One of the primary reasons for audit is to comply with the statutory requirements and regulations. Non-compliance with statutory regulations may result in hefty fines, loss of business, and a bad reputation in the industry.
The credibility of Financial Statements
Auditors independently verify that the financial statements of an organization are a true and fair representation of its current situation. This provides credibility to shareholders, customers, lenders, etc.
Moreover, it also increases the credibility of an organization in the marketplace. Organizations with audited financial statements are relatively in a better place to attract potential investors
Enhances Confidence of Shareholders
Many organizations are managed by a group of directors on behalf of the shareholders who can be remote and have no involvement in day-to-day operations.
An unbiased opinion on the financial statements increases the confidence of the shareholders that the company is being managed in accordance with their best interests. Moreover, the audit can also highlight any issue that the management may have concealed from the shareholders.
Assessment and Improvement in Internal Controls
Auditors also develop an understanding of the overall system and control environment of an organization. This allows them to identify any deficiency in the internal controls and accordingly suggest improvements in the system. This allows an organization to effectively achieve its objectives.
Fraud & Error
Fraud is the intentional concealment of facts while error is an unintentional misstatement. During the process of auditing, fraud and errors are discovered. Moreover, auditors assist in designing internal control systems to prevent fraud. It creates a fear of being detected.

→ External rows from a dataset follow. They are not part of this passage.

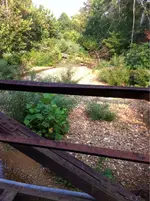 image-2157479420.webp
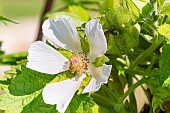Grape-leaved mallow, Kitaibelia vitifolia, flower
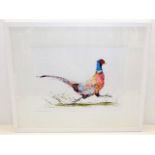 A framed original watercolour of running pheasant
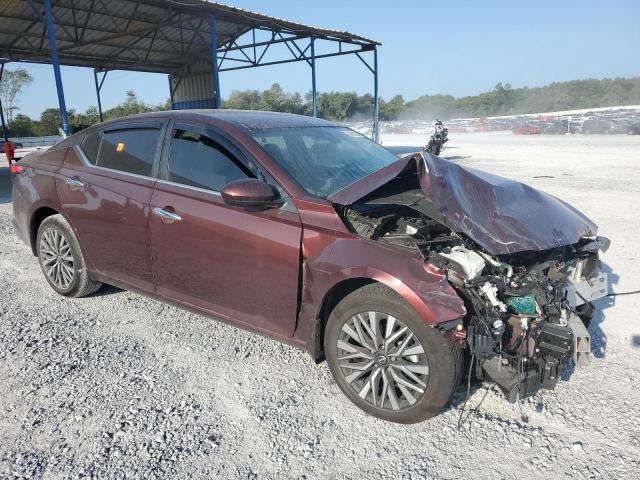  NISSAN ALTIMA 2023 Burgundy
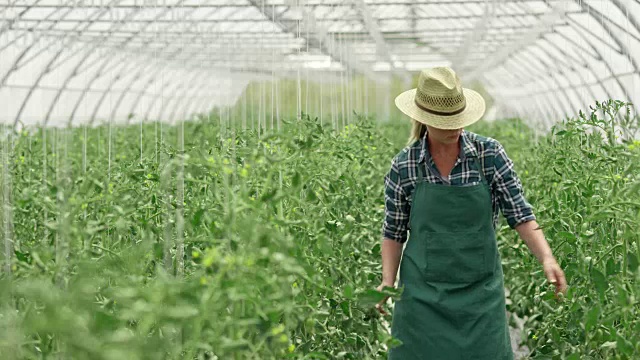 女农民检查温室里的西红柿视频素材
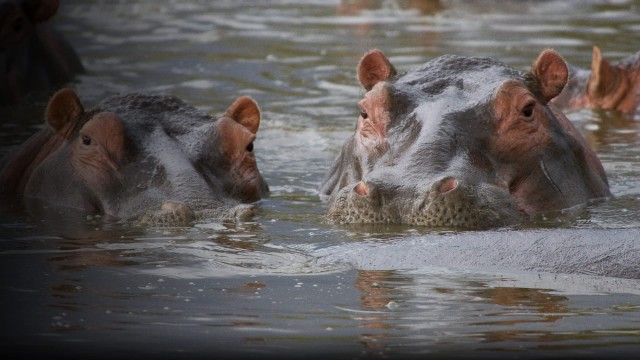 Watch Hippo Supremacy Online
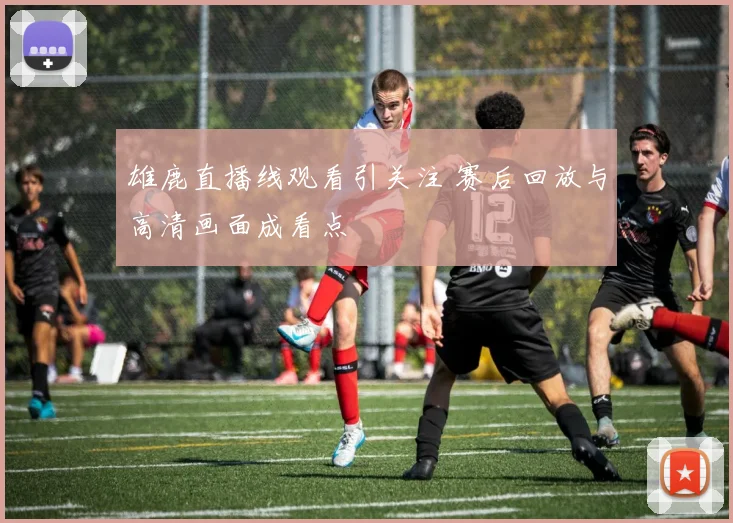 雄鹿直播线观看引关注 赛后回放与高清画面成看点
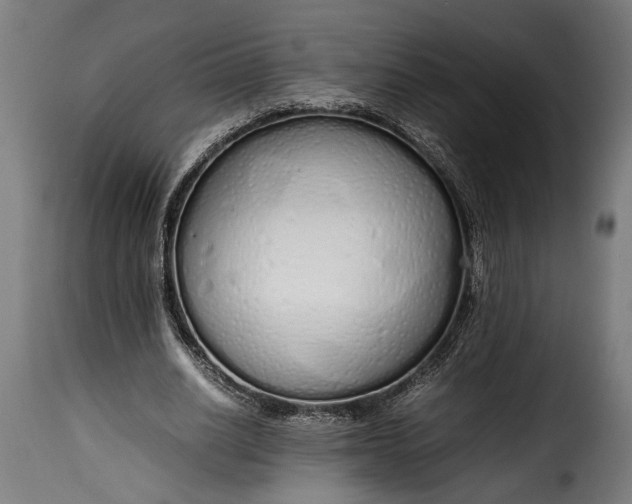 X0000115620630200911241624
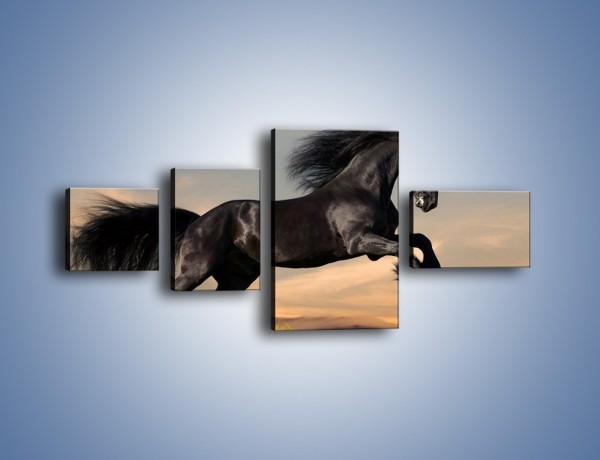 Obraz na płótnie – Czarny koń w galopie – czteroczęściowy Z008W5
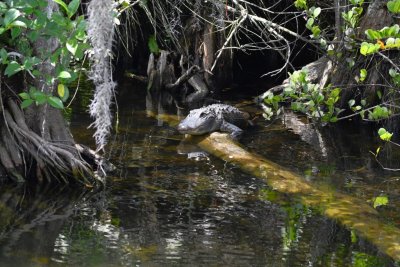 One of several alligators lounging at Sweetwater Slough.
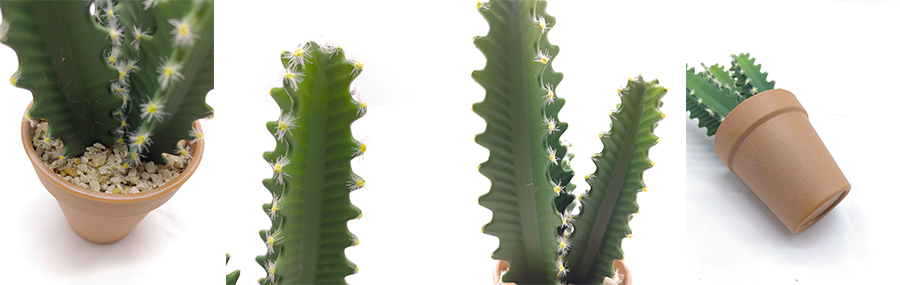 Cactus In Plastic Pot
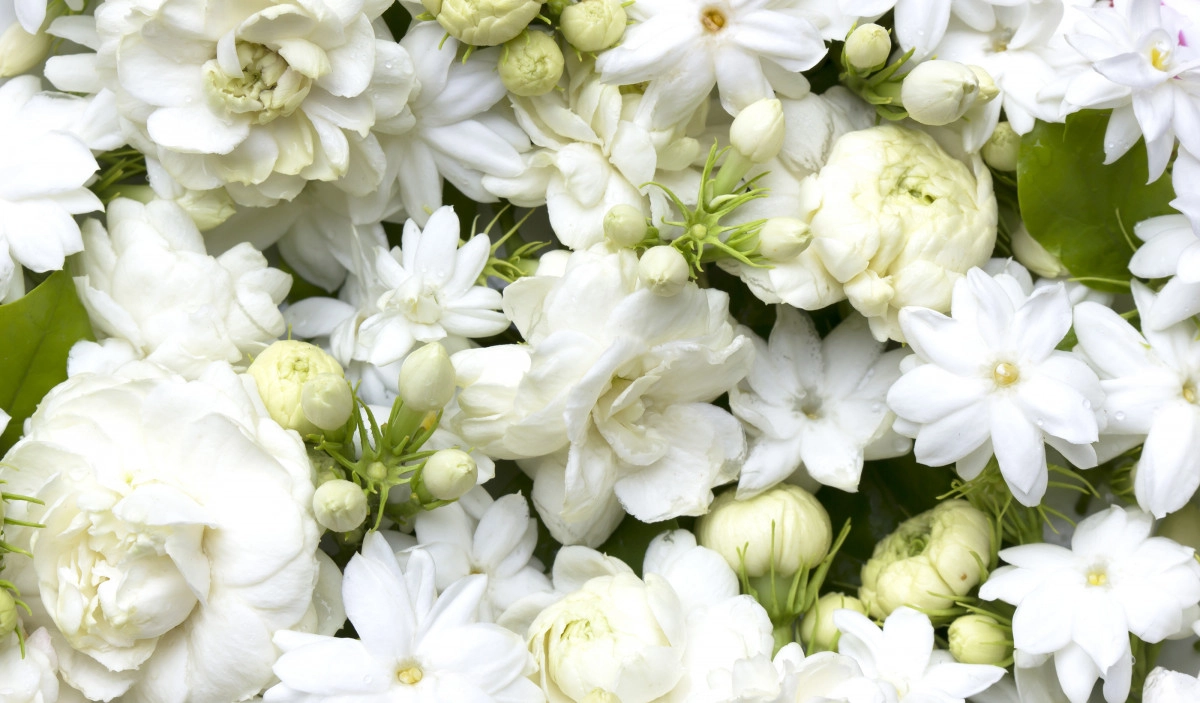 Фото Жасмин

One of the other advantages of auditing is that the staff and the workers of the company do not try to steal or defraud the company. They are under constant scrutiny since they know that the accounts will be audited.
Any irregularities can be identified during such an audit, and they will be caught eventually. This helps the staff in being honest and responsible at all times.
Planning & Budgeting
An audit confirms the accuracy of an organization’s financial statements by analyzing its financial transactions. This critical examination, coupled with the auditor’s financial expertise, can then be used by business owners for better financial planning, budgeting, and financial decision-making for the future.
Tax authorities assess income tax on the basis of profit calculated by the auditor. Similarly, sales tax is assessed on the basis of sales shown in the audited financial statements.
Besides taxation authorities, all other government authorities also rely on audited financial statements; even the courts accept these as evidence when the situation calls for.
One of the jobs of an auditor is to value all the assets and liabilities of the company. This allows the management of the company to know its actual worth. Similarly, it provides reliable information to prospective buyers about the financial condition of the company.
An audit would bring out even the smallest details of the company and conducting an audit means that the company has nothing to hide and is clean which will ultimately boost the goodwill of the company.
In case there is any loss to the property of the business, the insurance company provides compensation on the basis of a valuation statement certified by the auditor.
The points mentioned above make it very clear that there are numerous benefits that a company can avail by conducting an audit. Even though auditing requires significant time and financial resources, however, its advantages outweigh the cost.
Without an audit of the company, it would be very challenging to determine the exact financial picture of the company and pinpoint any flaw in the workings of the entity.